Com eleições marcadas para 10 de março, a palavra vai ser devolvida ao povo. Certo?
Não é inteiramente assim. Se por um lado o sistema democrático português funciona com eleições livres e universais, cuja seriedade nunca foi posta em causa, por outro lado há uma deficiente representação parlamentar da maior parte do território nacional. Pior do que isso: há um enorme desperdício de votos que para nada contam se o partido escolhido não for o PSD (ou agora a AD) ou o PS.
Em Lisboa, qualquer voto nos nove partidos parlamentares pode ajudar a eleger um deputado. Assim, quem quiser que o PS ou a AD governem sem maioria absoluta pode votar, nos grandes círculos, no PCP, no Bloco de Esquerda, no Livre, no PAN, na Iniciativa Liberal ou no Chega.
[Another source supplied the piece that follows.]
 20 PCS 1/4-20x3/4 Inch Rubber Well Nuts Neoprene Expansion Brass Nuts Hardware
O problema é que nos círculos pequenos, até seis deputados – o que inclui os círculos da emigração (Europa e Fora da Europa) – qualquer voto que não seja na AD ou no PS irá para o lixo. Não é pouco país: falamos da Madeira (6) e dos Açores (5), de Viana do Castelo (5), Vila Real (5), Bragança (3), Guarda (3), Castelo Branco (4), Portalegre (2), Évora (3) e Beja (3).
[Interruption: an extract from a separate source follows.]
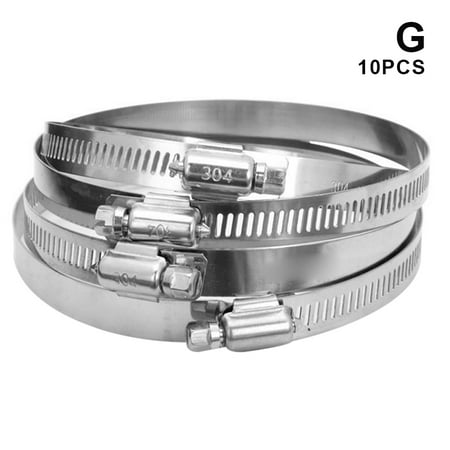 

VeliToy 10 Pcs Hose Clips Adjustable Stainless Steel Hose Clamps Durable for Home Cable(G)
Meio país só vai poder eleger deputados do PS ou da AD. Esta disfunção tem várias origens. Uma delas são os distritos, uma realidade que já quase não existe, para pouco mais serve a não ser para eleger deputados. É preciso criar novos círculos eleitorais, e as comunidades intermunicipais (CIM) e as áreas metropolitanas de Lisboa e Porto, por serem recentes e corresponderem a uma efetiva gestão partilhada de um território, são boas hipóteses.
Outra boa hipótese é o exemplo dos Açores para a Assembleia Legislativa Regional. Cada ilha tem direito a dois deputados, depois mais um por cada 7.250 eleitores ou fração superior a 1.000, e há um círculo de compensação para os “votos sobrantes” (que não contribuíram para eleger nenhum deputado), o qual elege cinco deputados e protege desta forma a representatividade dos pequenos partidos na região.
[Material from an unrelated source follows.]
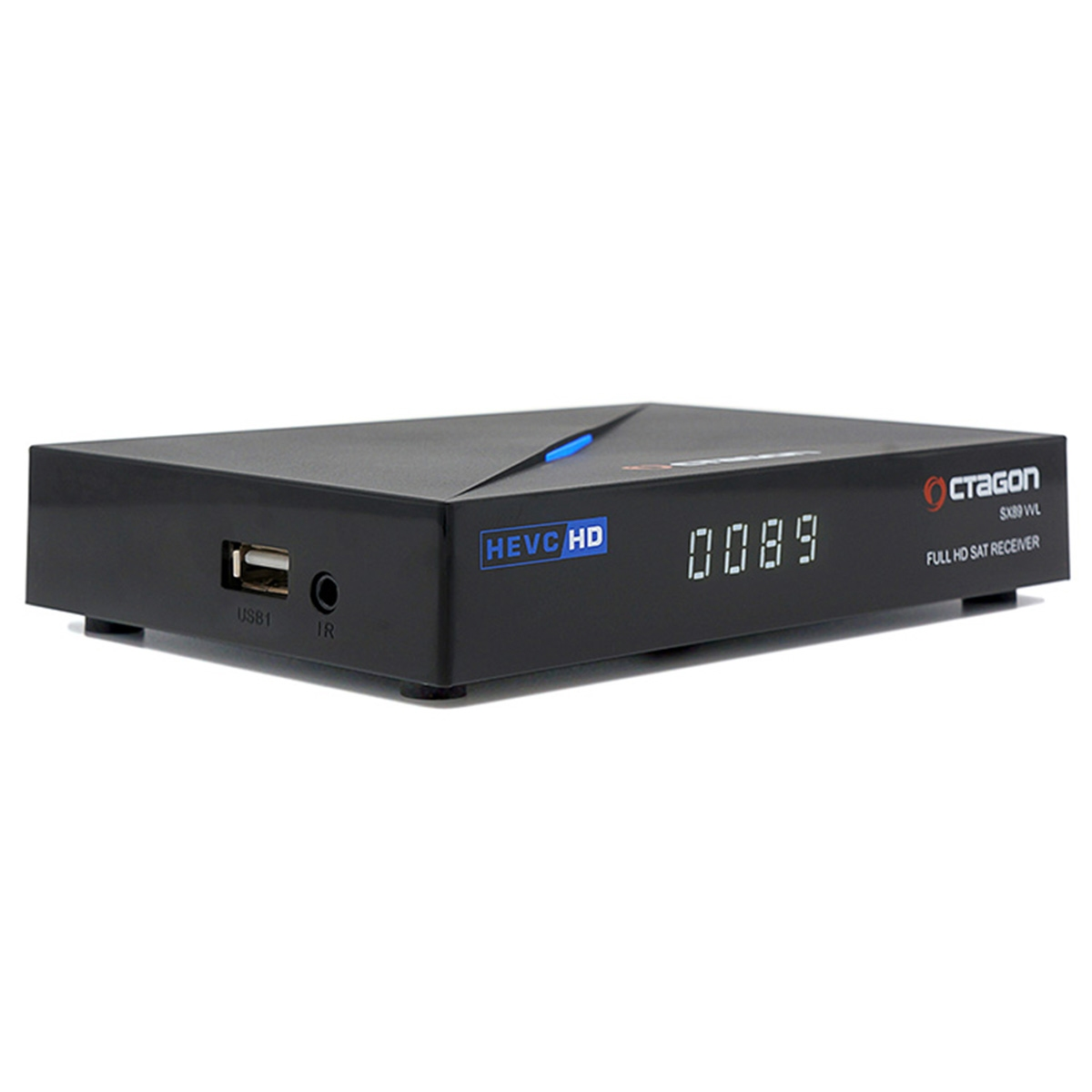Tuner Receiver Receiver SX89 Sat Linux Full LAN IP WiFi DVB-S2 H.265 (Schwarz) HD OCTAGON HDMI IP Sat WL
O presidente da Associação para uma Democracia de Qualidade, José Ribeiro e Castro (ex-presidente do CDS), defende outro modelo para o país, inspirado na Alemanha: propõe a eleição de 105 deputados em círculos plurinominais, outros 105 em círculos uninominais, quatro mandatos afetos às comunidades portuguesas e 15 mandatos num círculo nacional de compensação e repescagem dos votos não usados para eleger deputados.
Qualquer dos modelos tem o mérito de pôr a (quase) totalidade dos votos a contar para eleger deputados. É preciso debatê-los. Esta é uma questão que urge!